[Opening Provided data section]
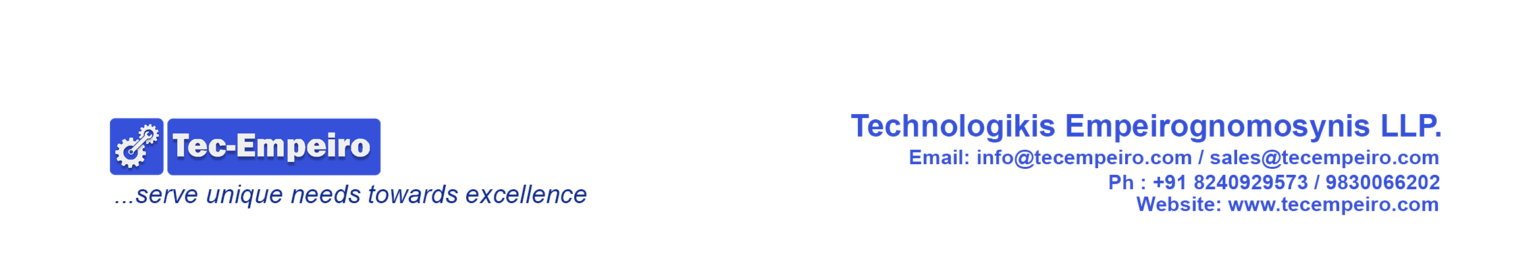 Letterhead-TEC-1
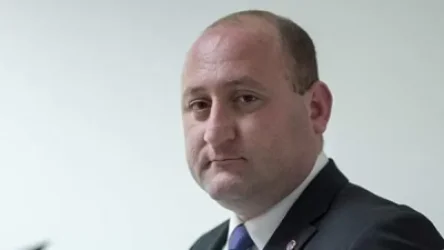 Կորցրել ենք ոչ միայն հայրենիքի կեսը, այլև հույս, ապագա, պետականություն, սուբյեկտայնություն և հեղինակություն. միջազգայնագետ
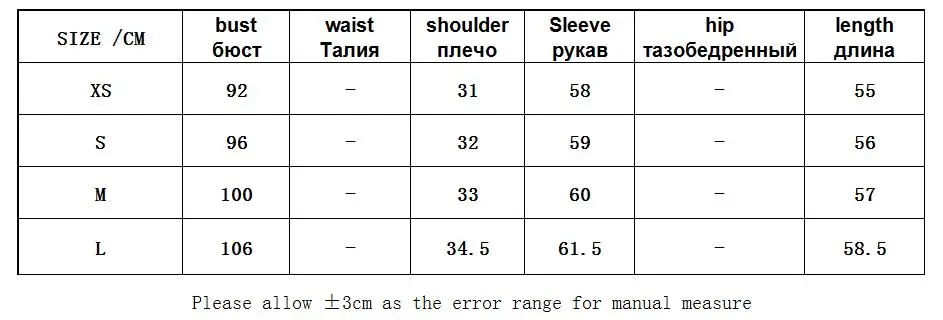 Tangada Женская винтажная фиолетовая блузка с бантом на плече и круглым вырезом с длинным рукавом, шикарная винтажная рубашка, blusas femininas 3A71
[Closing Provided data section]
▸ **Exercise details**:
Pictures are to be left out; repeat all the remaining data exactly.

▸ **Response area**:
 Letterhead-TEC-1
 Կորցրել ենք ոչ միայն հայրենիքի կեսը, այլև հույս, ապագա, պետականություն, սուբյեկտայնություն և հեղինակություն. միջազգայնագետ
 Tangada Женская винтажная фиолетовая блузка с бантом на плече и круглым вырезом с длинным рукавом, шикарная винтажная рубашка, blusas femininas 3A71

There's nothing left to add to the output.